Several days ago, British telecommunications provider BT disabled support for the "Remote Assistance" feature on their "Home Hub" router, that had been supplied to around 2 million UK homes based on vulnerability reporting that had emerged over the previous several days.

Despite a seemingly rapid response to the issues that had originally been identified by the GNUCITIZEN team, it seems that not all of the discovered vulnerabilities that were reported have been patched.

While the company was rapidly developing a software response to the identified problems, it comes as a concern that company spokespeople publicly denied that there was any practical risk to end users, even after detailed vulnerability reports were provided. In their defence, GNUCITIZEN had not publicly released in depth information (including exploit code), only descriptive information about the vulnerabilities.

Given that BT owns CounterPane Security, it would be expected that the company would know how to handle vulnerability reporting and discussion in a better manner, but the incident shows that there is still some way to go.

After all the public argument about the handling of URIs by Windows, multiple examples of sample exploit code, and even third party software patches for Windows, Microsoft appear to have been stung into action after malware that utilises the URI issue to infect machines was found spreading across the Internet.

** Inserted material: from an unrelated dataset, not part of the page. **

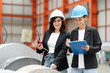 © Montri - two professional woman engineer,worker,technician use clipboard discuss work, walk in steel metal manufacture factory plant industry. woman wear hard hat check quality machine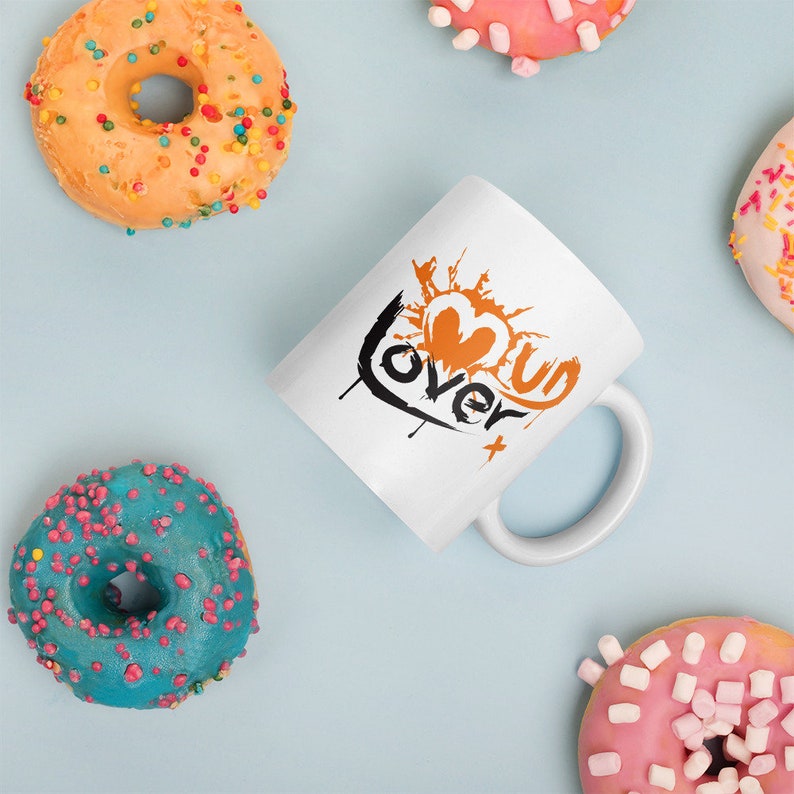 May include: White ceramic mug with a black and orange graphic design. The graphic features a heart with the word "over" written around it. The word "us" is written inside the heart.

At this stage it looks like there might be an out-of-cycle patch (based on publicity rather than severity) due for release, but there has been no information about the sort of timeframe to be expected for the patch release.

Other companies aren't doing so well at the moment, with Real finding that their RealPlayer has been the subject of repeated rounds of exploits and vulnerability disclosure over the last several days (some might suggest that the exploits had been buffering... up to that point), despite releasing patches to address a number of vulnerabilities. Alternative Internet browser developers have also been releasing patches and updates for their various product lines, with notable security releases from Opera, and the Firefox, SeaMonkey and Thunderbird teams in recent days.